We first investigated the large-scale spatial organization of STS responses to different contrasts, by assessing how responses to each contrast vary as a function of position along the length of the sulcus. We sought to define a series of regions of interest (ROIs) that carved the STS into slices along its length. Prior studies have analyzed responses in coronal slices of the STS, assessing how responses vary as a function of the y-coordinate in MNI space (Pelphrey, Mitchell, et al. 2003; Pelphrey, Singerman, et al. 2003; Pelphrey, Viola, et al. 2004; Morris et al. 2005). However, the STS has an oblique orientation in the yz plane of MNI space, and we wished to define ROIs that extended perpendicularly to the local direction of the STS in the yz plane.

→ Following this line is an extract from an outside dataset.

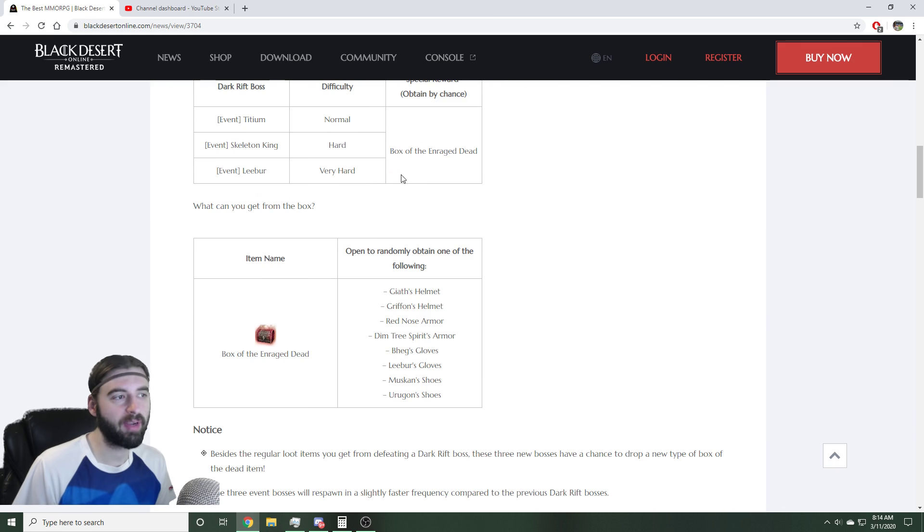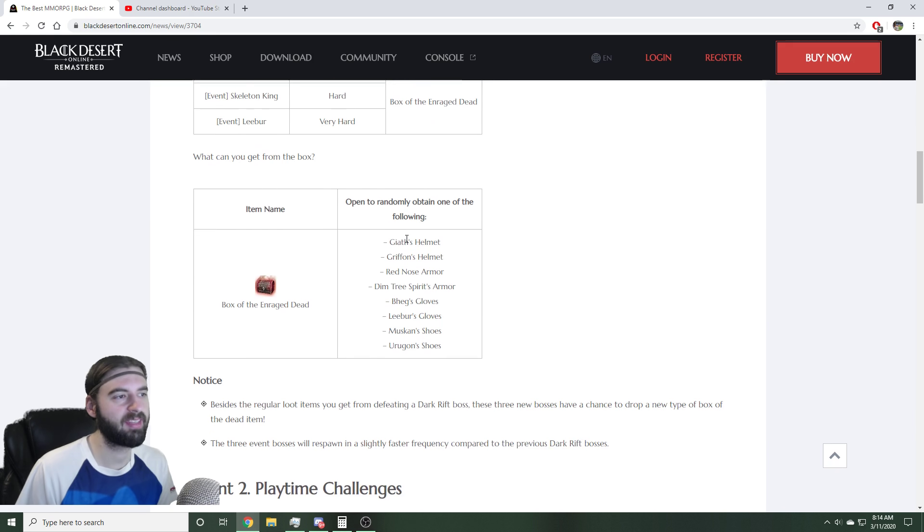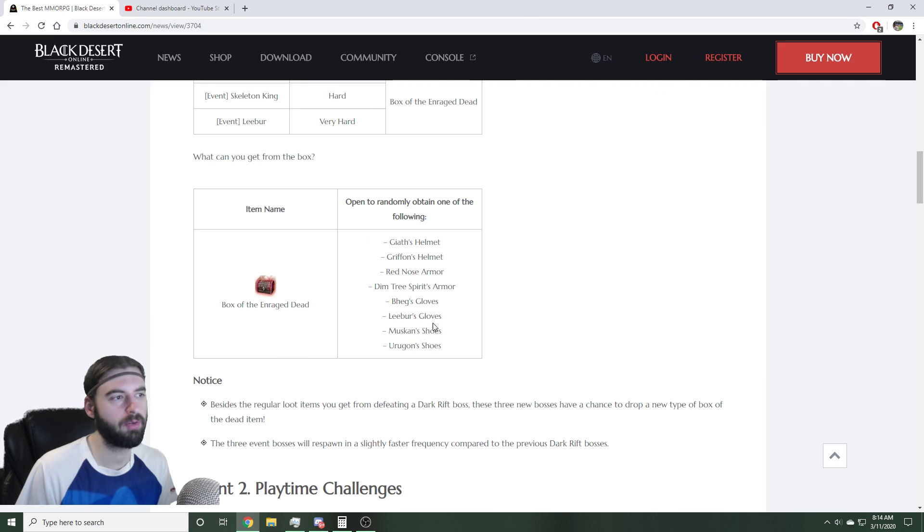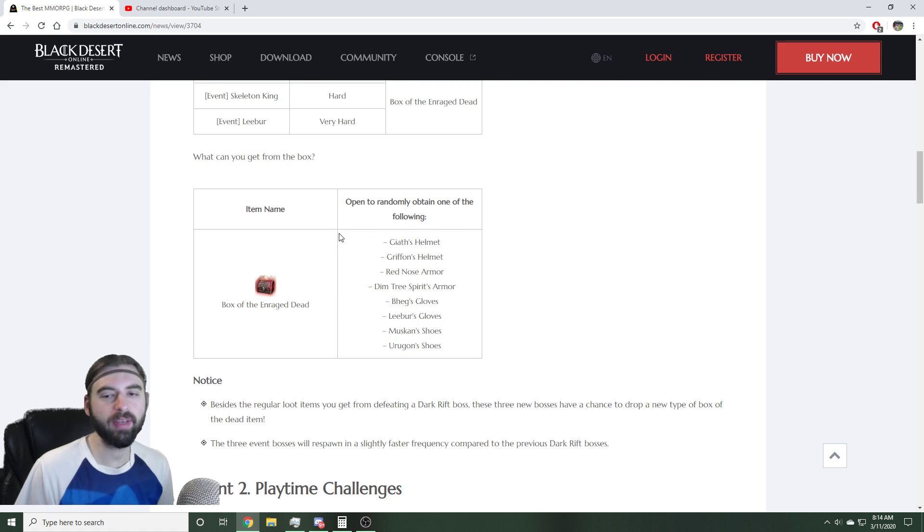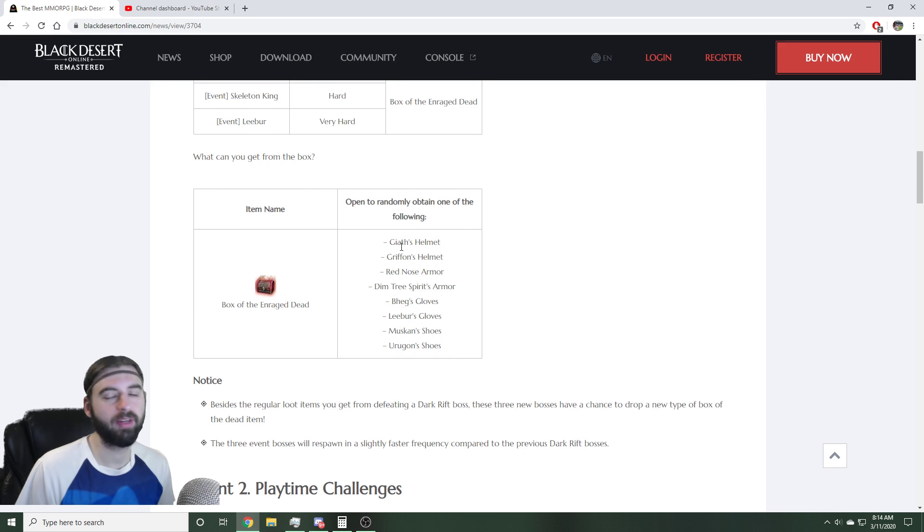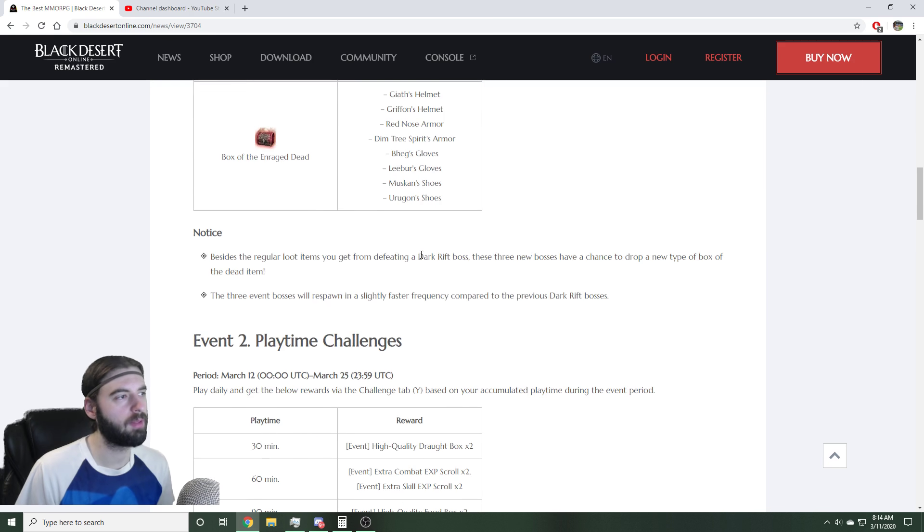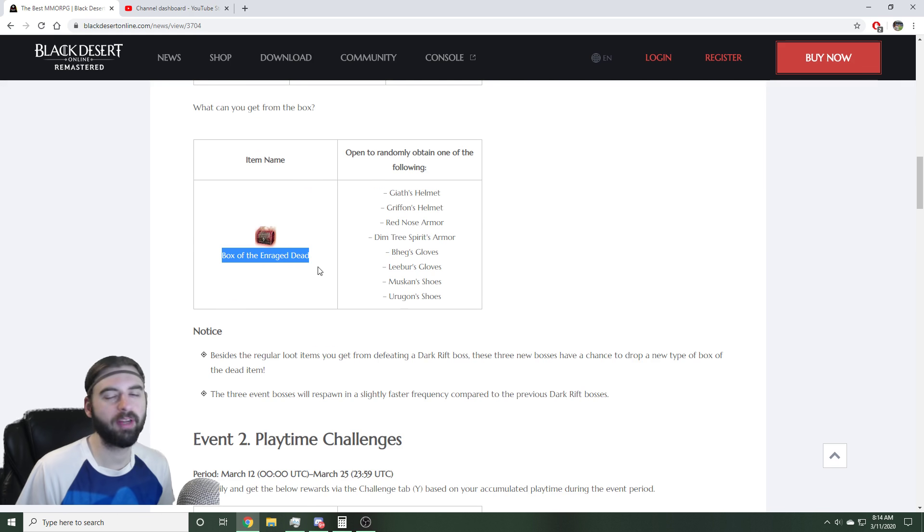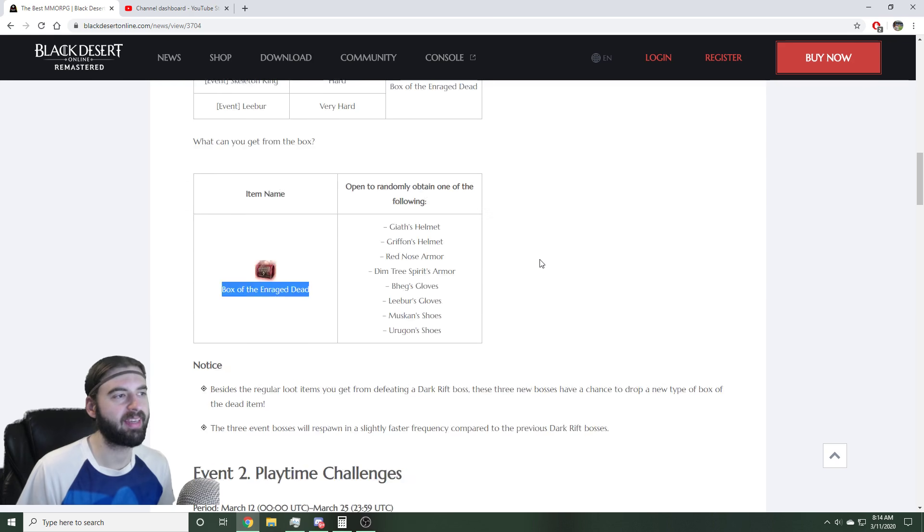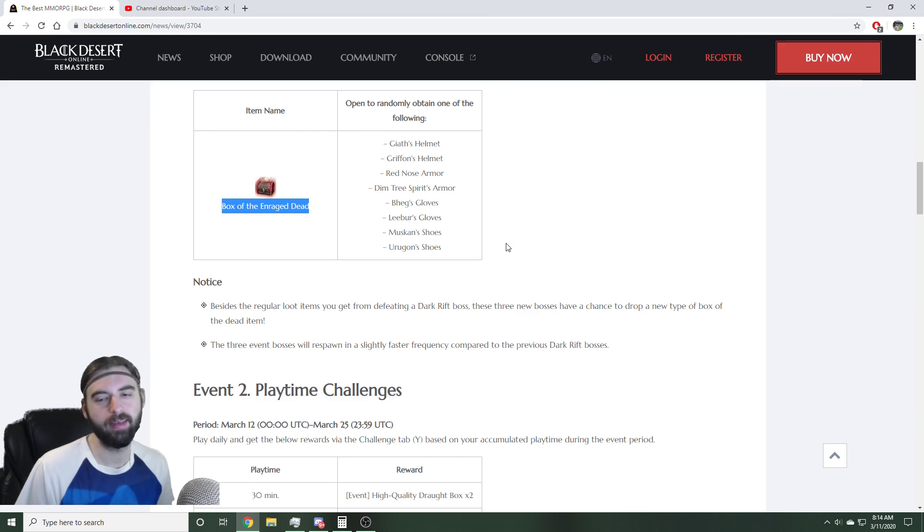Box of the Enraged Dead has a chance at boss armor, so there's only going to be boss armors in this box, no cross zones or anything like that. So if you do get a box to drop from one of the bosses, you're going to end up getting a boss armor, which is pretty cool. It is a random drop on this Box of the Enraged Dead though. It is not a guaranteed drop like the other boxes that you get.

To this end, we used our STS mask to estimate the local orientation of the sulcus at different y-coordinates. Mask coordinates were averaged across the x- and z-dimensions, to obtain a function specifying the mean z-coordinate of the STS for a given y-coordinate. Next, for each y-coordinate, the local slope of the STS was determined by fitting a linear regression to z-coordinates in a 1-cm window along the y-dimension. This slope was used to define “slice” ROIs along the length of the STS, by constructing an anisotropic Gaussian ROI and intersecting this with the STS mask (sample ROIs are shown in Fig. 2). Note that, for the posterior segment of the STS, where it splits into 2 sulci, our approach does not treat these sulci separately, instead computing the local slope of a mask including both sulci and the angular gyrus. For each ROI, hemisphere, subject, and contrast, percent signal change values were extracted, and plotted as a function of y-coordinate.

Figure 2.

Figure 2.

Responses to each task as a function of position along the length of the STS. The upper figure shows the ROIs that were used to extract responses at each position. The lower 2 graphs show left and right STS responses (percent signal change) for each task, as a function of y-coordinate in MNI space.

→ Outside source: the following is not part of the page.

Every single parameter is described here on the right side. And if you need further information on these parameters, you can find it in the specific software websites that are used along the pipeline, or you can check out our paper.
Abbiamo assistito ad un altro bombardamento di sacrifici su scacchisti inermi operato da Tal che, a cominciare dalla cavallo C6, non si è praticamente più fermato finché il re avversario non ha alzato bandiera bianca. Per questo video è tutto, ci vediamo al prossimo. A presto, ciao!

Additionally, we asked whether these patterns differed across the upper and lower banks of the STS. The upper and lower banks of the STS were drawn on individual subjects' cortical surface representations, and intersected with the slice ROIs defined above. Percent signal change values were extracted from the resulting “upper and lower slice” ROIs. For this analysis, we only considered portions of the STS that were anterior to the point at which the STS splits into 2 sulci posteriorly, and data were only smoothed at 3-mm FWHM to minimize bleeding across upper and lower banks.

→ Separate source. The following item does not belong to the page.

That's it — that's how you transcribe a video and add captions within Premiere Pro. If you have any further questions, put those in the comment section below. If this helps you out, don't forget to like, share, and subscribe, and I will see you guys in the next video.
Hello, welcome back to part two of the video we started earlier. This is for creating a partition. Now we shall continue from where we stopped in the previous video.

These analyses revealed that the positions of regions with the strongest response to each contrast were ordered as follows, from posterior to anterior: ToM, biological motion, faces, voices, language. We next aimed to statistically assess these differences in spatial position. Although some contrasts elicited responses in multiple regions along the STS, we aimed to compare responses specifically within the region of maximal response to each task, and thus assessed active regions in individual subjects within spatially constrained group-level search spaces. Search spaces for each contrast were defined from group-level activation maps, computed using a mixed-effects analysis (Woolrich et al. 2004), as the set of active voxels within a 15-mm sphere around a peak coordinate (shown in Supplementary Fig. 1). For each spatially adjacent pair of search spaces (e.g., ToM and biological motion, biological motion and faces, etc.), we combined the 2 search spaces, and identified regions of activation in individual subjects to each of the 2 contrasts within this combined search space. We then computed the center of mass of these regions, and compared their y-coordinates across the 2 contrasts using a paired, two-sample, two-tailed t-test.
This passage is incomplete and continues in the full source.